El espía en casa
A partir de ahora, entre mi portátil y yo van a cambiar mucho las cosas. Se acabaron las intimidades
El hombre es un sujeto de incertidumbres, la mujer ni les cuento. Todos tenemos dudas acerca de quiénes somos, de dónde venimos, adónde vamos y todo eso. Algunos tratan de combatir ese vértigo existencial redondeando su personalidad con un perfil en Facebook. En las redes sociales al parecer uno puede encontrar las respuestas a todas las preguntas, incluso aquellas lo suficientemente excéntricas como para convocar un referéndum.
Pero a lo que iba, usted puede estar una romántica noche de verano conectado tranquilamente a Internet por azar o por necesidad, pensando en la luna, sin saber que el satélite acaba de entrar a saco en su vida por la ventana como entraba la lechera en casa de mis abuelos. Pensarán que estoy un poco rayada por las revelaciones del caso Snowden, pero el asunto de la ciberguerra entre Estados me traería sin cuidado si nadie osara meter la nariz en mis asuntos.

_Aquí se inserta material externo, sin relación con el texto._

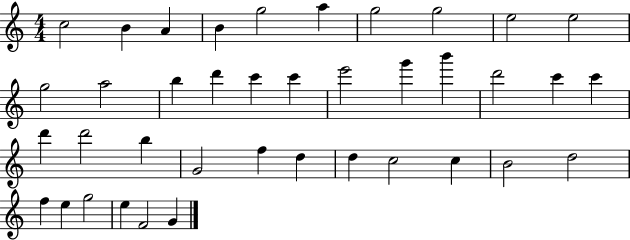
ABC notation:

X:1
T:Untitled
M:4/4
L:1/4
K:C
c2 B A B g2 a g2 g2 e2 e2 g2 a2 b d' c' c' e'2 g' b' d'2 c' c' d' d'2 b G2 f d d c2 c B2 d2 f e g2 e F2 G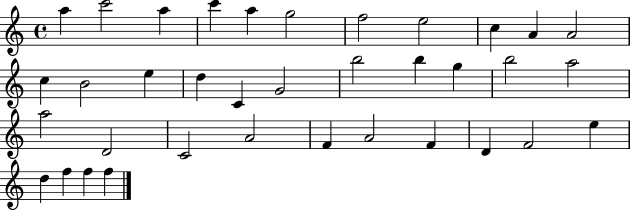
{
  \clef treble
  \time 4/4
  \defaultTimeSignature
  \key c \major
  a''4 c'''2 a''4 | c'''4 a''4 g''2 | f''2 e''2 | c''4 a'4 a'2 | \break c''4 b'2 e''4 | d''4 c'4 g'2 | b''2 b''4 g''4 | b''2 a''2 | \break a''2 d'2 | c'2 a'2 | f'4 a'2 f'4 | d'4 f'2 e''4 | \break d''4 f''4 f''4 f''4 | \bar "|."
}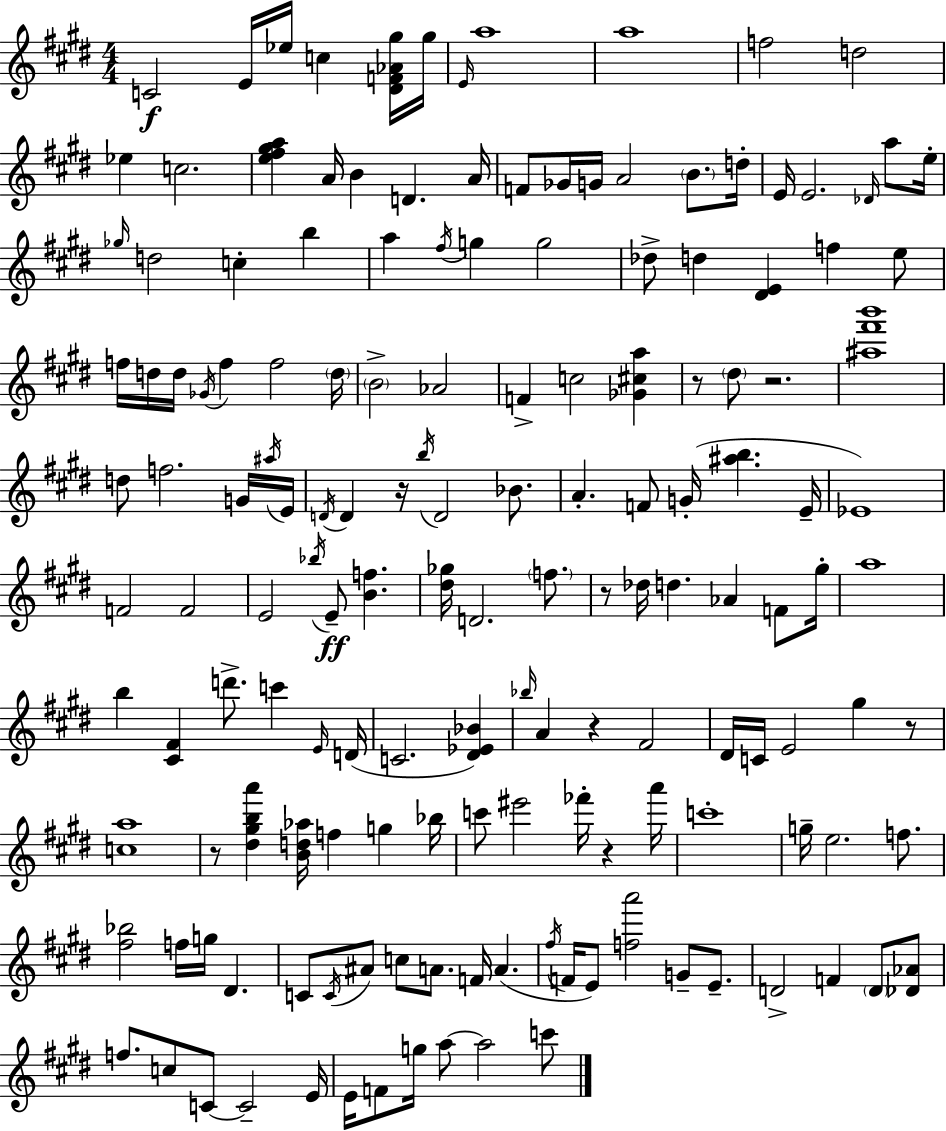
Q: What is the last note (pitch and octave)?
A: C6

Me explico. Para las vacaciones de este año acariciaba yo vagamente la idea de un viaje distinto por latitudes polares o así. Ya saben, renos, frío, glaciares… Pues bien, el otro día recibí por correo un catálogo completo de equipos para expediciones árticas con brújula incluida, y lo más curioso es que ni siquiera había decidido aún sacarme los billetes a Finlandia. Cambié de ruta inmediatamente, por supuesto. ¿Cómo es posible que una tienda en la que yo no he puesto un pie en mi vida conozca mis intenciones mejor que yo misma? Pensarán que se trata de una simple coincidencia, pero no me fío. Las casualidades las carga el diablo.

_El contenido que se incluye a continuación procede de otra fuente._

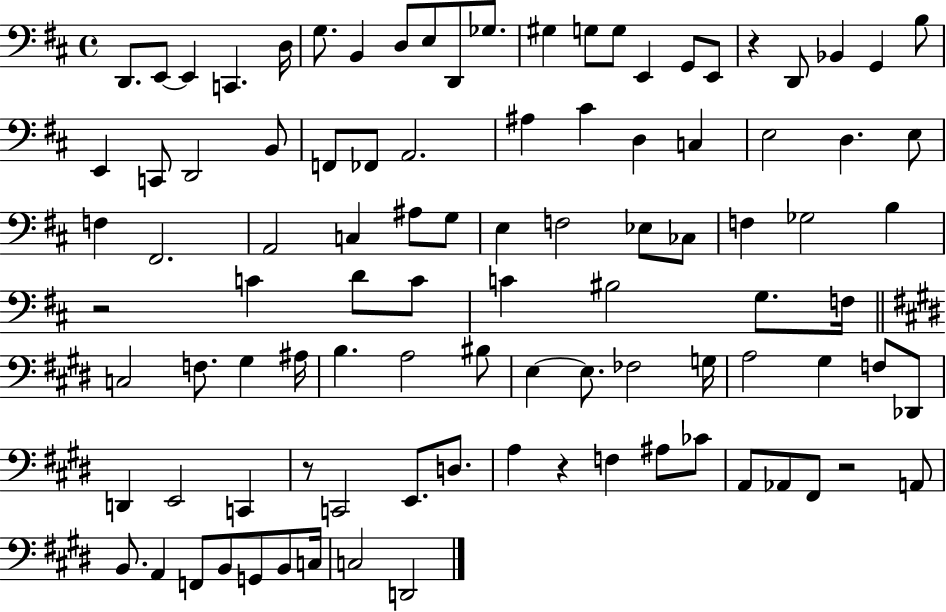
{
  \clef bass
  \time 4/4
  \defaultTimeSignature
  \key d \major
  d,8. e,8~~ e,4 c,4. d16 | g8. b,4 d8 e8 d,8 ges8. | gis4 g8 g8 e,4 g,8 e,8 | r4 d,8 bes,4 g,4 b8 | \break e,4 c,8 d,2 b,8 | f,8 fes,8 a,2. | ais4 cis'4 d4 c4 | e2 d4. e8 | \break f4 fis,2. | a,2 c4 ais8 g8 | e4 f2 ees8 ces8 | f4 ges2 b4 | \break r2 c'4 d'8 c'8 | c'4 bis2 g8. f16 | \bar "||" \break \key e \major c2 f8. gis4 ais16 | b4. a2 bis8 | e4~~ e8. fes2 g16 | a2 gis4 f8 des,8 | \break d,4 e,2 c,4 | r8 c,2 e,8. d8. | a4 r4 f4 ais8 ces'8 | a,8 aes,8 fis,8 r2 a,8 | \break b,8. a,4 f,8 b,8 g,8 b,8 c16 | c2 d,2 | \bar "|."
}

Algo está sucediendo tras la luz melancólica de la pantalla de nuestros ordenadores. Los Estados y las empresas se van colando por el flanco más débil de nuestra intimidad, que es el alma inmortal, según Santa Teresa. Y ahí estamos perdidos. Se cruzan datos, movimientos de cuentas, hábitos de consumo y estadísticas hasta que lo atrapan a uno en la red como a un conejo.

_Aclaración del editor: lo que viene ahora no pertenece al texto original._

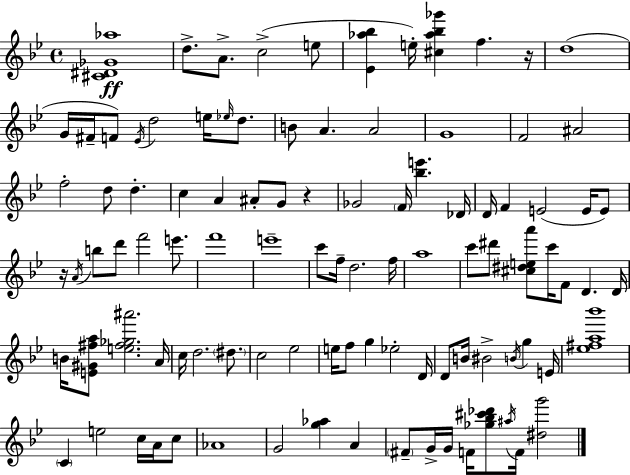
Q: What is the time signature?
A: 4/4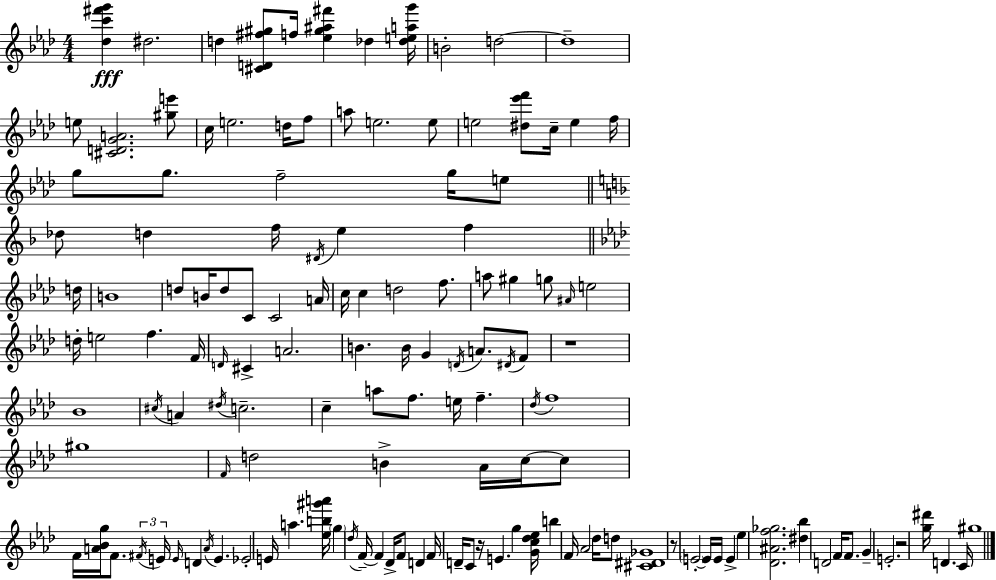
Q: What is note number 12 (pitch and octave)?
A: F5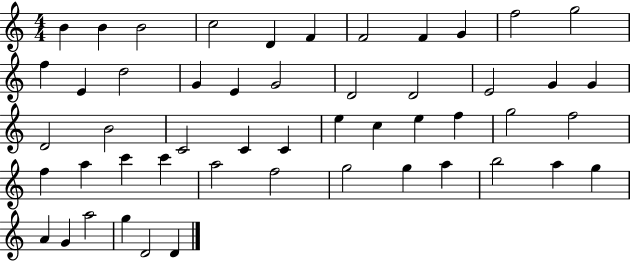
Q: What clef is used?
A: treble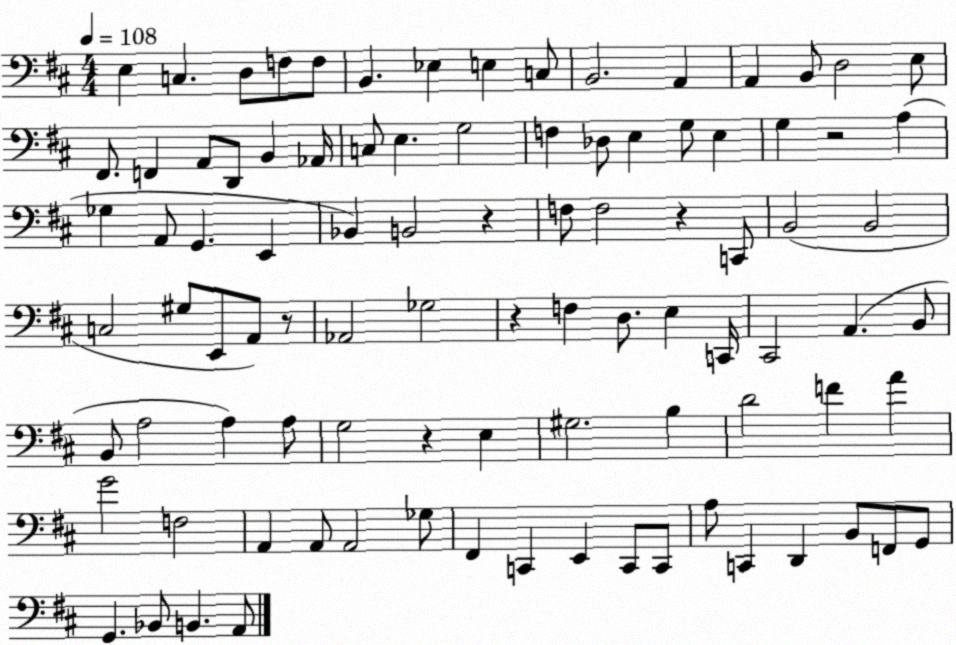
X:1
T:Untitled
M:4/4
L:1/4
K:D
E, C, D,/2 F,/2 F,/2 B,, _E, E, C,/2 B,,2 A,, A,, B,,/2 D,2 E,/2 ^F,,/2 F,, A,,/2 D,,/2 B,, _A,,/4 C,/2 E, G,2 F, _D,/2 E, G,/2 E, G, z2 A, _G, A,,/2 G,, E,, _B,, B,,2 z F,/2 F,2 z C,,/2 B,,2 B,,2 C,2 ^G,/2 E,,/2 A,,/2 z/2 _A,,2 _G,2 z F, D,/2 E, C,,/4 ^C,,2 A,, B,,/2 B,,/2 A,2 A, A,/2 G,2 z E, ^G,2 B, D2 F A G2 F,2 A,, A,,/2 A,,2 _G,/2 ^F,, C,, E,, C,,/2 C,,/2 A,/2 C,, D,, B,,/2 F,,/2 G,,/2 G,, _B,,/2 B,, A,,/2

Puede que una pareja no sepa todavía sus planes de futuro, pero seguro que El Corte Inglés los tiene ya clarísimos. Y así puede darse el caso de esa mujer de Villarreal que recibió un despliegue publicitario de cochecitos y accesorios para el bebé y se obsesionó tanto que tuvo que ir corriendo a una farmacia a comprarse un predictor para no volverse loca. Puede parecerles una reacción desmesurada, pero el test confirmó el diagnóstico. Efectivamente estaba embarazada. No se trata de ciencia ficción, es solo que la vida se parece demasiado a la realidad. Las centrales de espionaje contratan a compañías privadas para llegar a sus clientes y utilizan sus datos online. Con algunas pistas que vamos dejando incautamente en nuestro muro de Facebook, como edad, profesión o estado de ánimo, las grandes corporaciones se hacen perfectamente una composición de lugar. Ya ven, se deja una la pantalla del ordenador abierta y acaba embarazada perdida sin comerlo ni beberlo. Como para no mosquearse.
Las redes sociales pueden ser una herramienta formidable, pero hay algo en ellas muy desasosegante. Tengo amigos que se pasan horas conectados, creyendo que están chateando con una bellísima sirena que al final resulta ser un sargento de la Guardia Civil con un bigote como el de Stalin.
No crean por esto que soy una detractora de las nuevas tecnologías. Todo lo contrario. Pero en la niebla del ciberespacio están ocurriendo fenómenos muy raros. A partir de ahora, entre mi portátil y yo van a cambiar mucho las cosas. Se acabaron las intimidades. Ustedes hagan lo que les parezca, pero a mí no me deja embarazada una multinacional se ponga como se ponga.